▶ [Provided entries]:
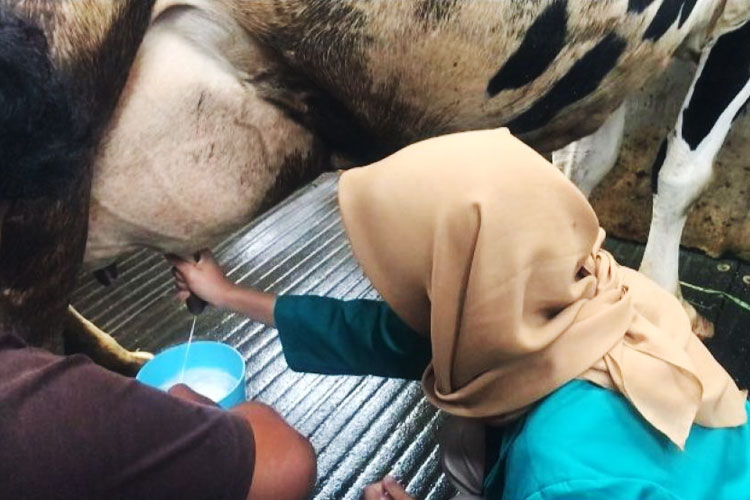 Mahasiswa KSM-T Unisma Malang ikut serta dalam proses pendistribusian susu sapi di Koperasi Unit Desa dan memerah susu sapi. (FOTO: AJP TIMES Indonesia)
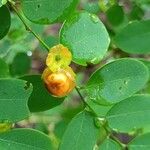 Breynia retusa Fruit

==

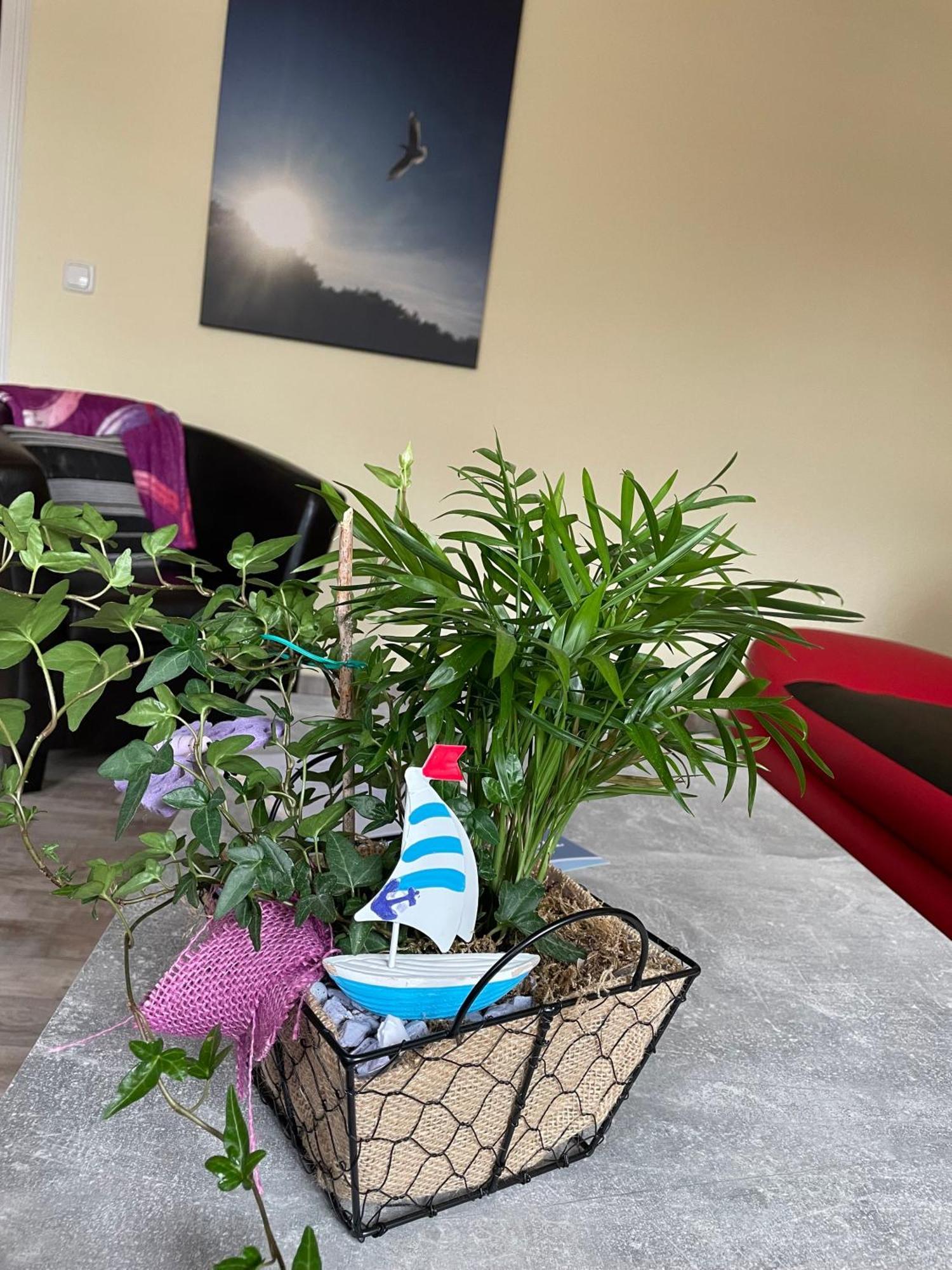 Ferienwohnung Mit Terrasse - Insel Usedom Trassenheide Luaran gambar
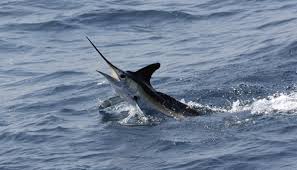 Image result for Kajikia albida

* * *

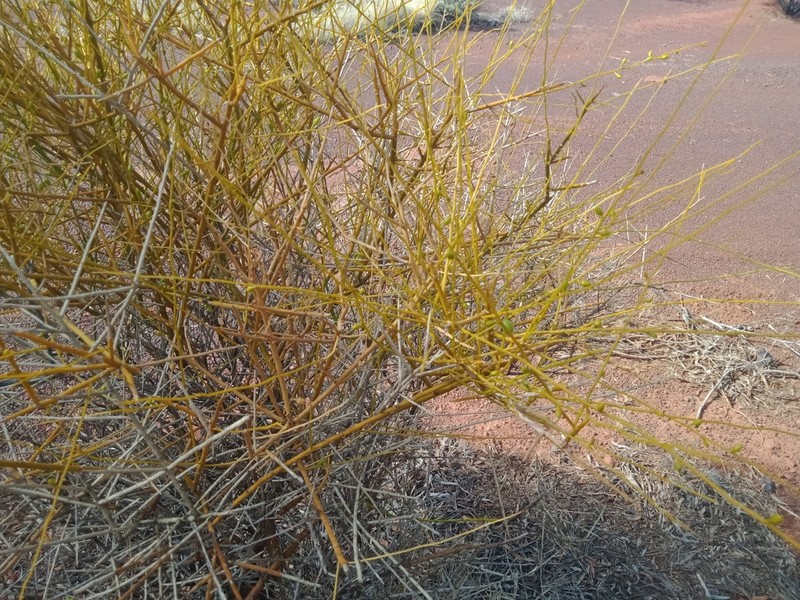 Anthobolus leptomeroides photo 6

▶ [What needs to be done]: The lines above starting at the one that holds "Mahasiswa KSM-T Unisma" and ending at the one that holds "Breynia retusa Fruit" are to be written out exactly, ends included, and no pictures are to be copied.

▶ [Solved exercise]:
 Mahasiswa KSM-T Unisma Malang ikut serta dalam proses pendistribusian susu sapi di Koperasi Unit Desa dan memerah susu sapi. (FOTO: AJP TIMES Indonesia)
 Breynia retusa Fruit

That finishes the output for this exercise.